What is The New Yorker? I know it’s a great magazine and that it’s a tremendous source of pleasure in my life. But what exactly is it? This blog’s premise is that The New Yorker is a work of art, as worthy of comment and analysis as, say, Keats’s “Ode on a Grecian Urn.” Each week I review one or more aspects of the magazine’s latest issue. I suppose it’s possible to describe and analyze an entire issue, but I prefer to keep my reviews brief, and so I usually focus on just one or two pieces, to explore in each the signature style of its author. A piece by Nick Paumgarten is not like a piece by Jill Lepore, and neither is like a piece by Ian Frazier. One could not mistake Collins for Seabrook, or Bilger for Galchen, or Mogelson for Kolbert. Each has found a style, and it is that style that I respond to as I read, and want to understand and describe.

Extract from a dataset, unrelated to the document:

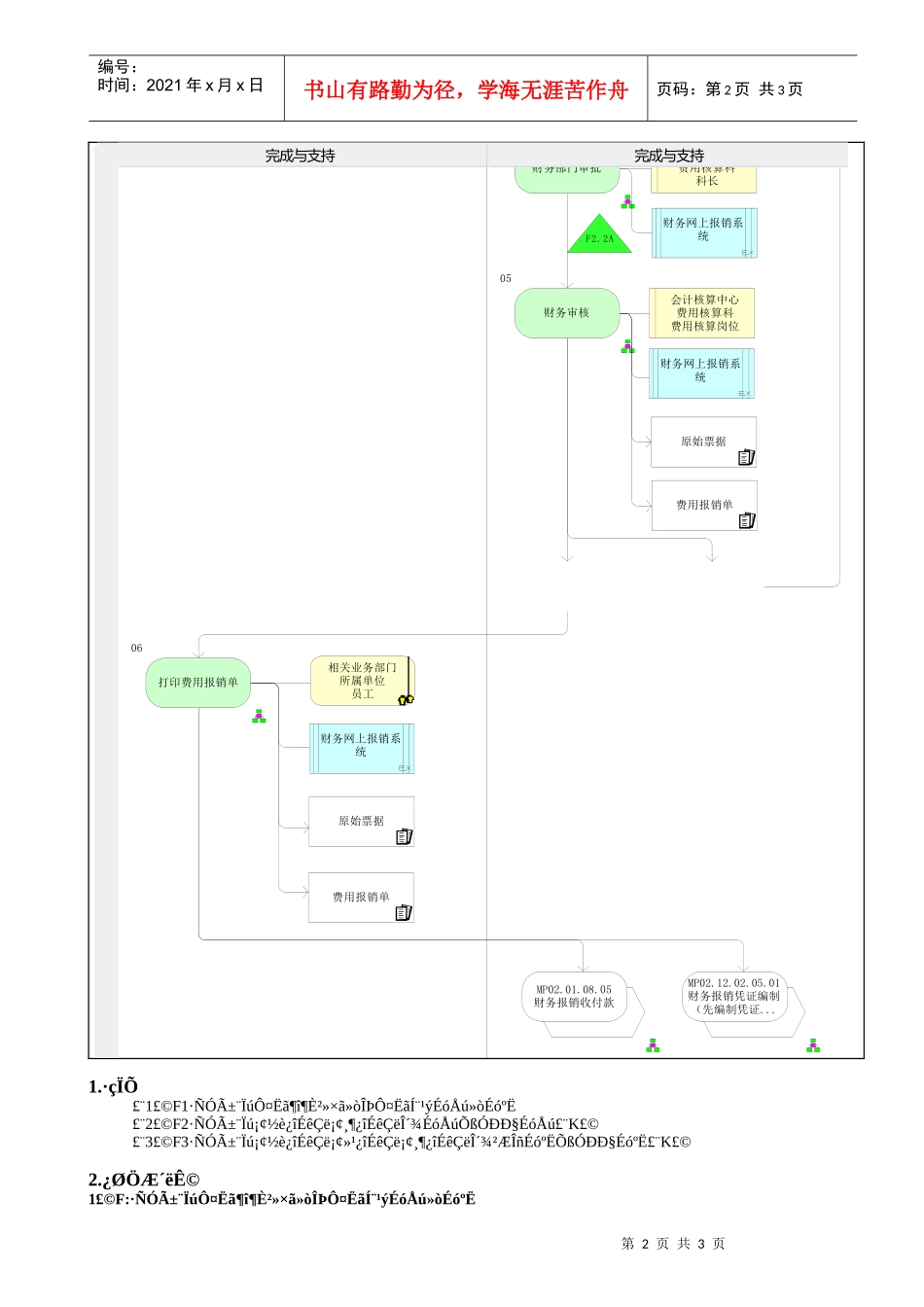 人力资源-2022MP02.09.02.03 会议费报销_第2页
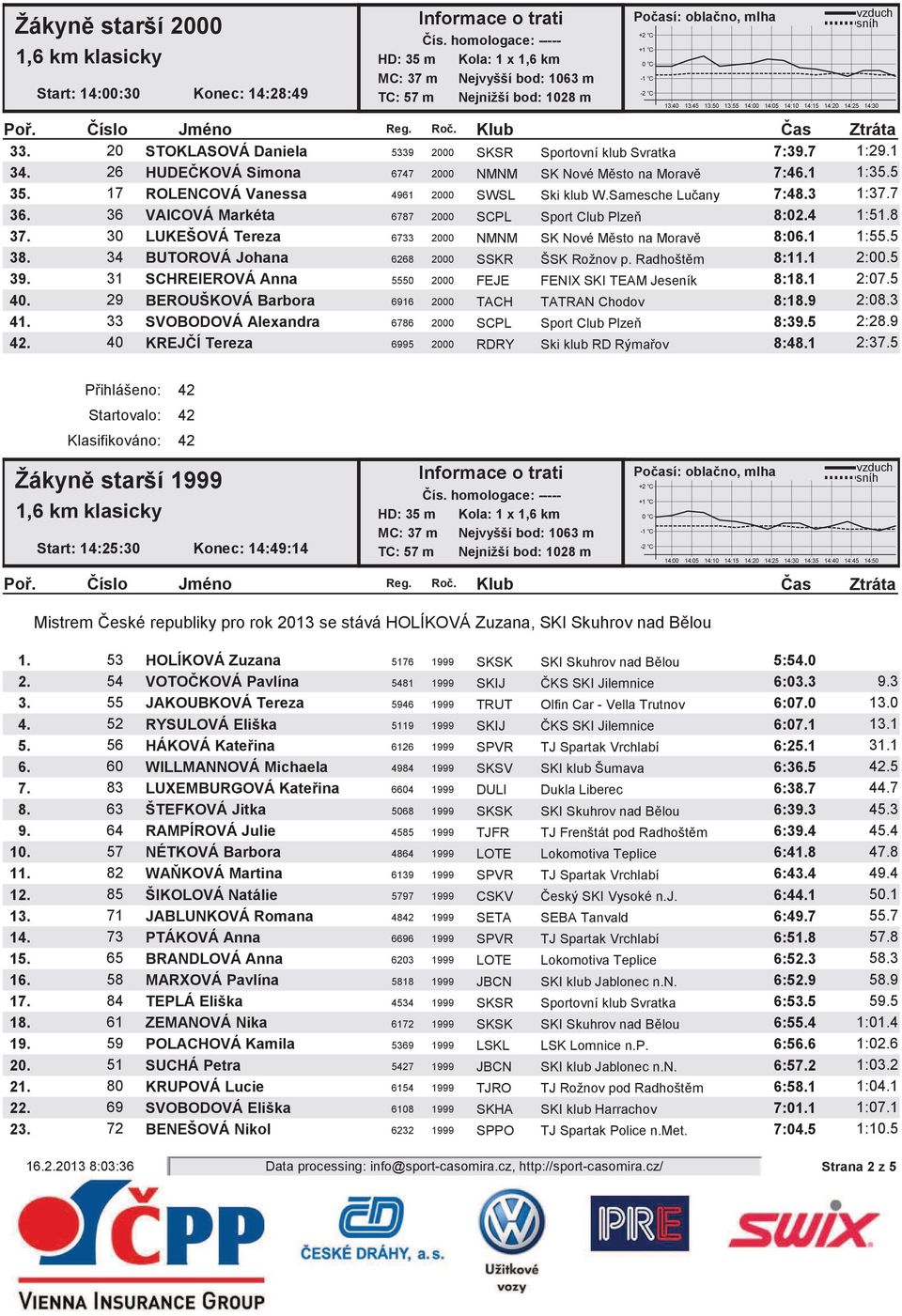 36 VAICOVÁ Markéta 6787 2000 SCPL Sport Club Plze 8:02.4 1:51.8 37. 30 LUKEŠOVÁ Tereza 6733 2000 NMNM SK Nové Msto na Morav 8:06.1 1:55.5 38. 34 BUTOROVÁ Johana 6268 2000 SSKR ŠSK Rožnov p.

Thursday, October 28, 2010

October 25, 2010 Issue


There are two dandy pieces in this week’s issue of the magazine: Ian Frazier’s “Fish Out Of Water,” and Tad Friend’s “Blowback.” I enjoyed them both immensely. “Fish Out Of Water” finds Frazier in Rust Belt country, moseying along the Illinois River, checking out the carp fishing. The story contains some wonderful details: “low-lying parking lots full of river mud cracked like pieces of a jigsaw puzzle”; “carp of mint-bright silver”; “Confederate-flag halter tops.” There’s a memorable description of an event called the “Redneck Fishing Tournament,” which contains this inspired sentence: “Crushed blue-and-white Busch beer cans disappeared into the mud, crinkling underfoot.” Here’s another great sentence from later in the story: “Through waving weedbeds of bureaucracy and human cross-purposes, the fish swim.” My response to the story was double. I learned about the Asian-carp invasion and I soaked up Frazier’s delightful prose. The Ralph Steadman illustration accompanying Frazier’s piece is also terrific.

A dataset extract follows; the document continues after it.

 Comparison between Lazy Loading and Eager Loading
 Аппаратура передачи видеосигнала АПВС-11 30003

One of the few New Yorker writers in Frazier’s league is Tad Friend. His style is different from Frazier’s. Frazier is a poet of “bleak,” whereas Friend is more a celebrant of suburban bosk. For example, in this week’s “Blowback,” he takes us to Orinda, California, where “the stands of live oaks, valley oaks, pines, redwoods, and mulberries are all as artificial as Lake Cascade, which was created in the nineteen-twenties to irrigate the local golf course.” And he describes a fascinating event called a “‘No Blow’ summit and barbecue” on the Kendall family’s back deck, overlooking Lake Cascade. Reading Friend’s brilliant piece, I experienced the same blissful double response that I’d enjoyed reading Frazier’s article. I related to the issue, namely, the noisy menace of leaf blowers; and I loved the specificity of the writing, particularly sentences such as this one: “He donned his Echo PB-500T backpack blower and earmuffs and blew off the driveway, corralling the leaves into a mound for his two colleagues to collect.”